In an initial review in 2017, feedback from recruitment managers highlighted an increase in high-calibre applications and 95 per cent rated the recruitment documentation as excellent (an increase from 73 per cent before the changes were made). A further review in 2021 found that VBR was continuing to be successful, with 87 per cent of recruiting managers rating the calibre of candidates received as either excellent or good and 100 per cent of recruiting managers rating the recruitment documentation as either excellent or good.
From the perspective of a candidate, in 2017, 81 per cent preferred the recruitment profile rather than traditional job descriptions and 85 per cent rated the usefulness of the recruitment profile as good/excellent. In 2021, candidates were continuing to highly rate the recruitment profiles, with 99 per cent of candidates rating the usefulness of the recruitment profile as good/excellent and 98 per cent of candidates rating the attractiveness of the recruitment profile as good/excellent.

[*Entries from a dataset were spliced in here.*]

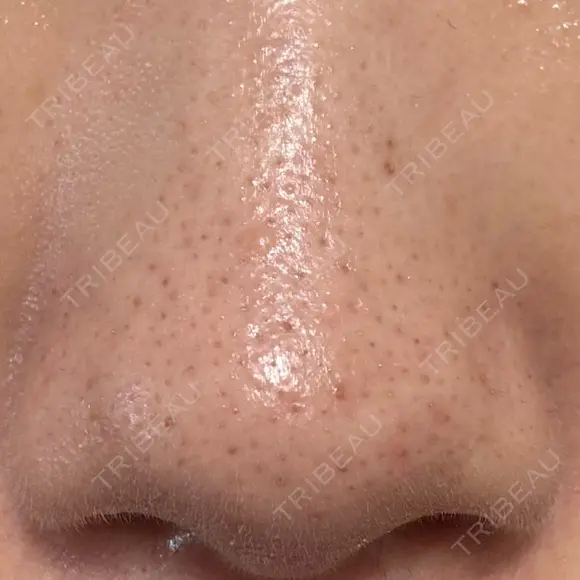 アグネス 日本美容・医療クリニック 六本木院 DAY 14 メイン用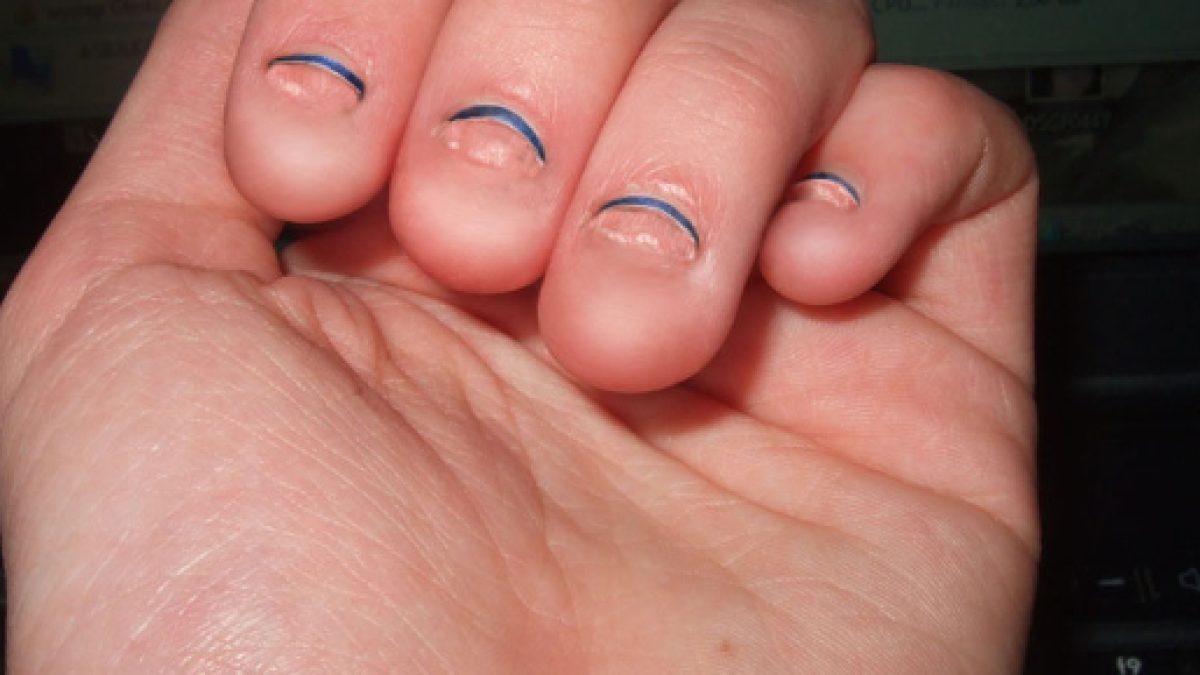 Man almost dies from biting his fingernails Man almost dies from biting his fingernails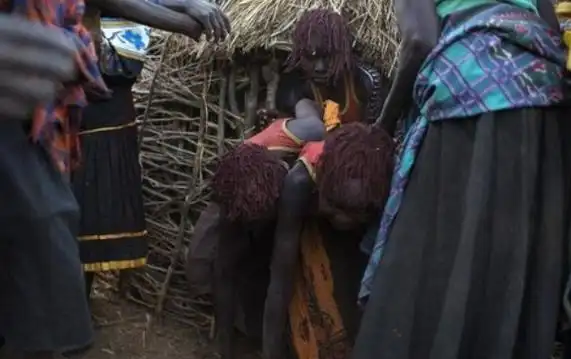男女割礼在非洲等地盛行,是千百年流传的残忍习俗.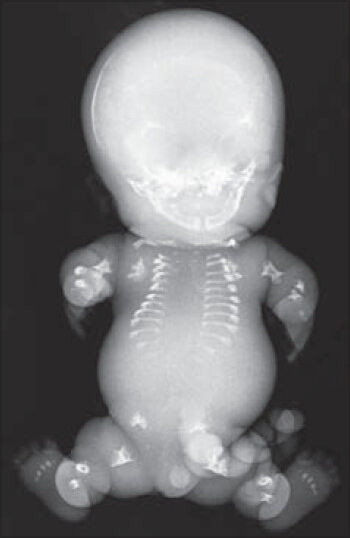 Radiograph showing short ilia, short and curved femora, curved clavicle, short and horizontally placed ribs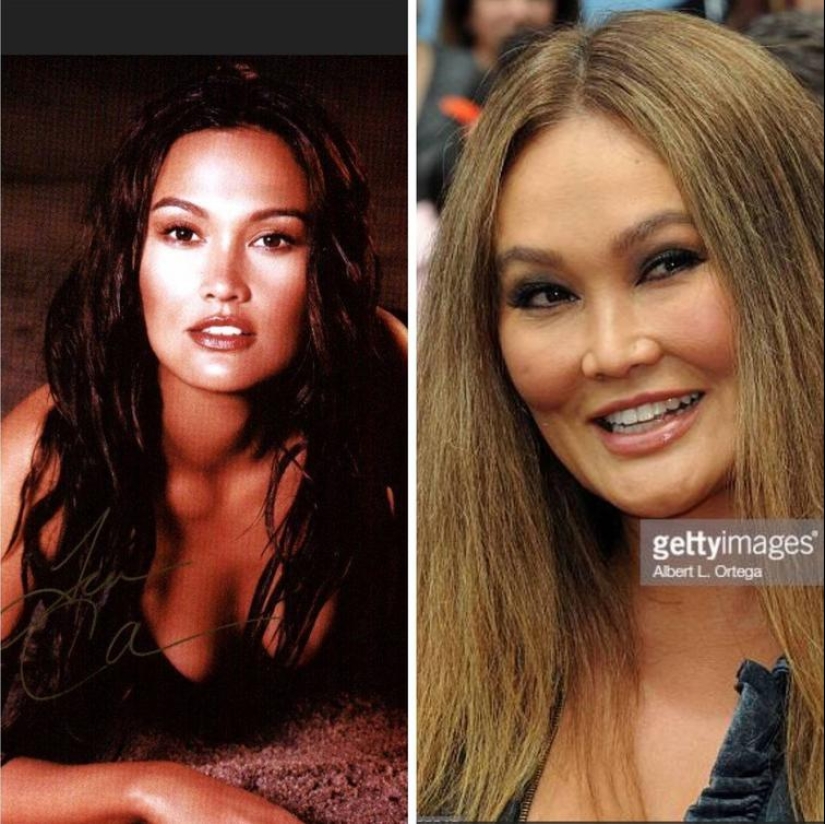 30 people who got carried away with plastic surgery and forgot to stop 30 people who got carried away with plastic surgery and forgot to stop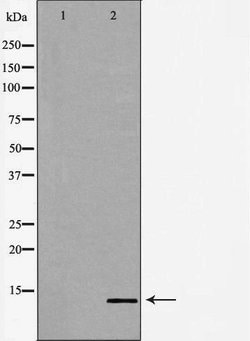 Invitrogen POLR2J Polyclonal Antibody 100 &mu;L; Unconjugated:Antibodies,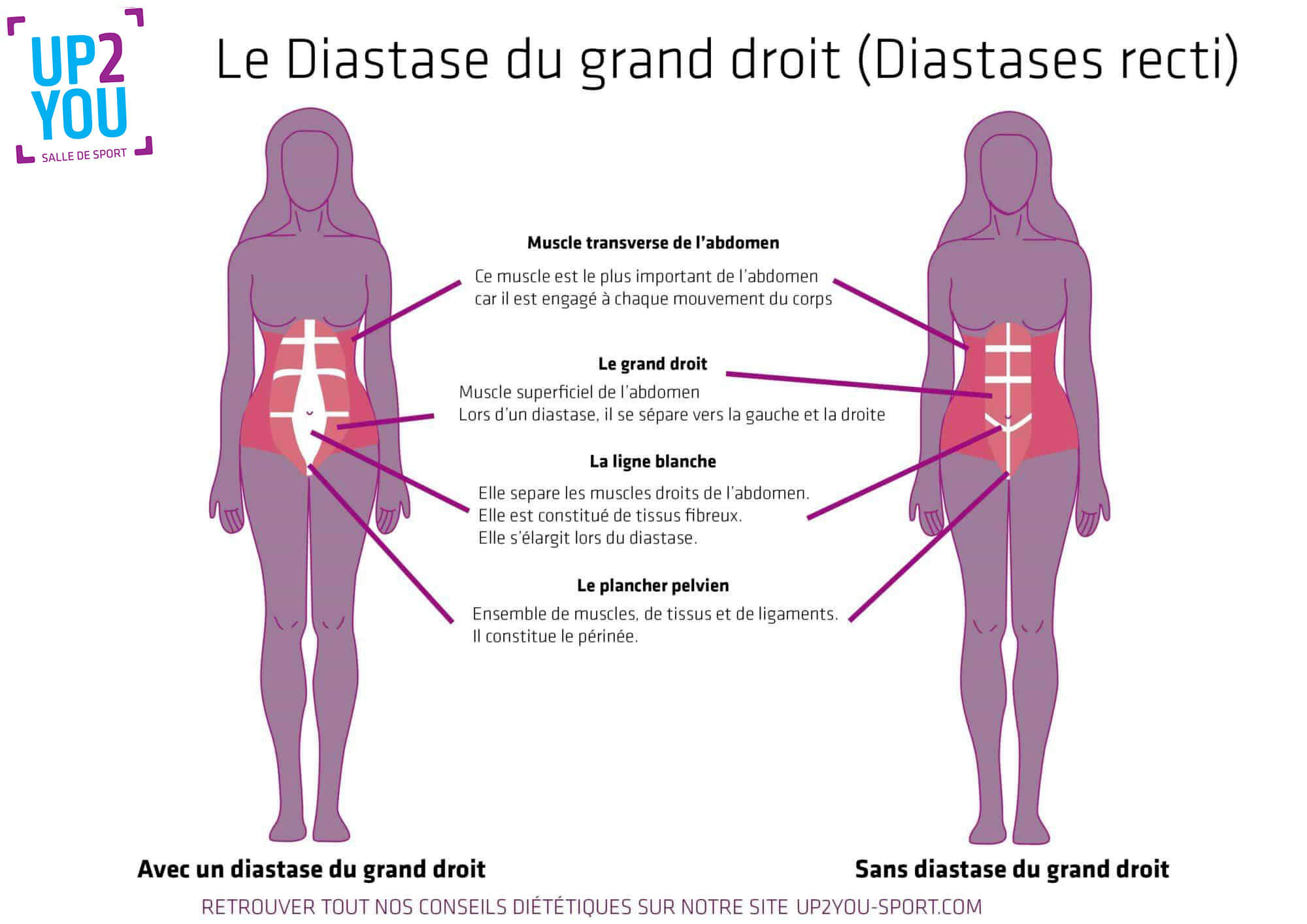 Diastases recti : le Diastase du grand droit : explications 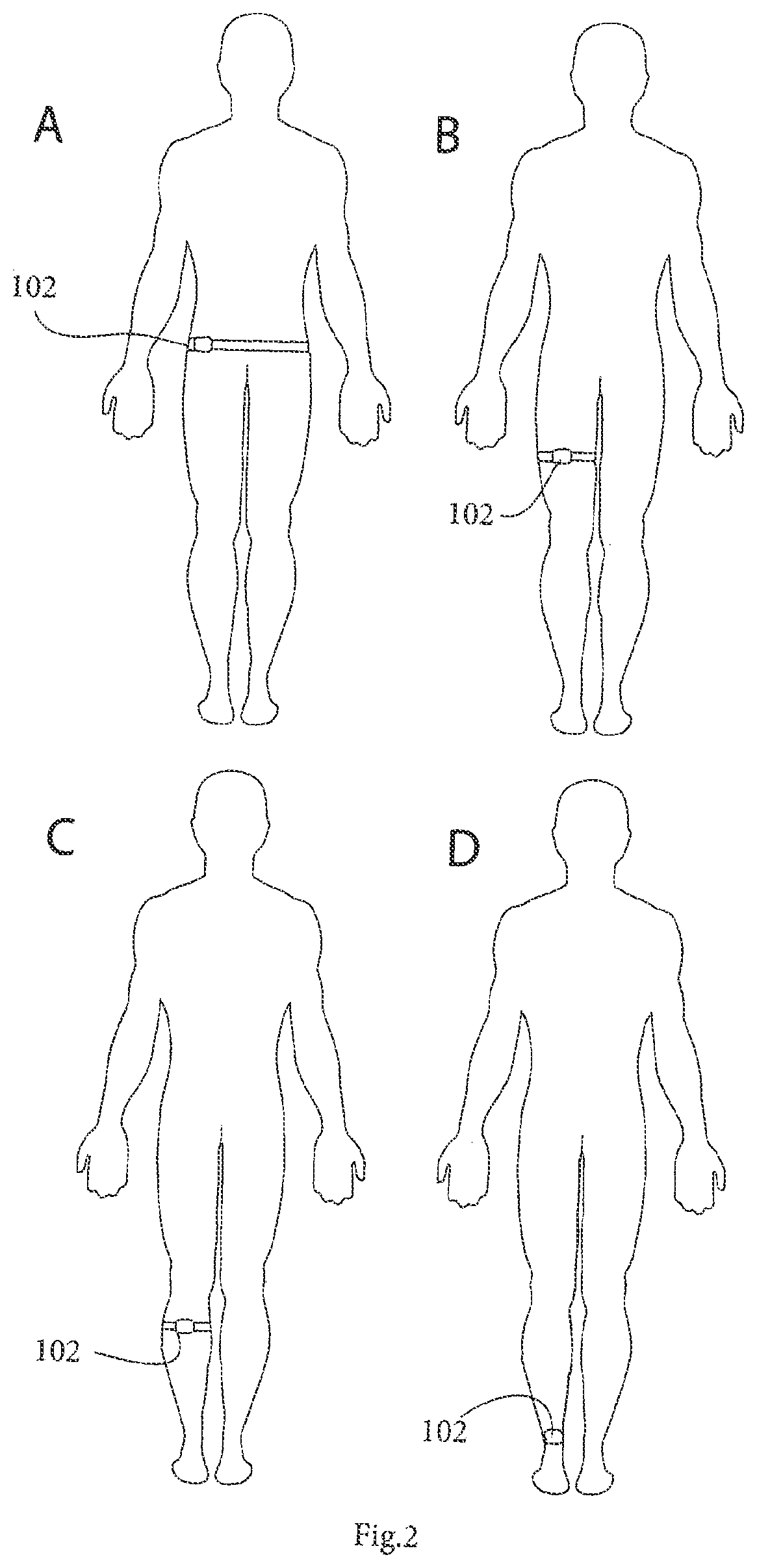 Patent US12616381 Figure 2 – System for management and prevention of venous pooling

Overall, more than half of the candidates stated that NHSBT’s values and behaviours influenced their decision to apply, and managers believed that 99 per cent of candidates appointed are aligned to the values and behaviours of NHSBT. These findings are still reflected four years later in 2021, with managers reporting that their successful appointments have gone on to demonstrate the values and behaviours of NHSBT.
- Make as many in house changes as possible. Organisations can save money and have full ownership of the resources they create.
- Plan small steps to take over time. This can be an effective way of incorporating values into the recruitment process.
- Agree your approach with staff side colleagues. NHSBT agreed to send out full length job descriptions and person specifications with all formal employment contracts.
- Initially, try the process for most frequently advertised posts.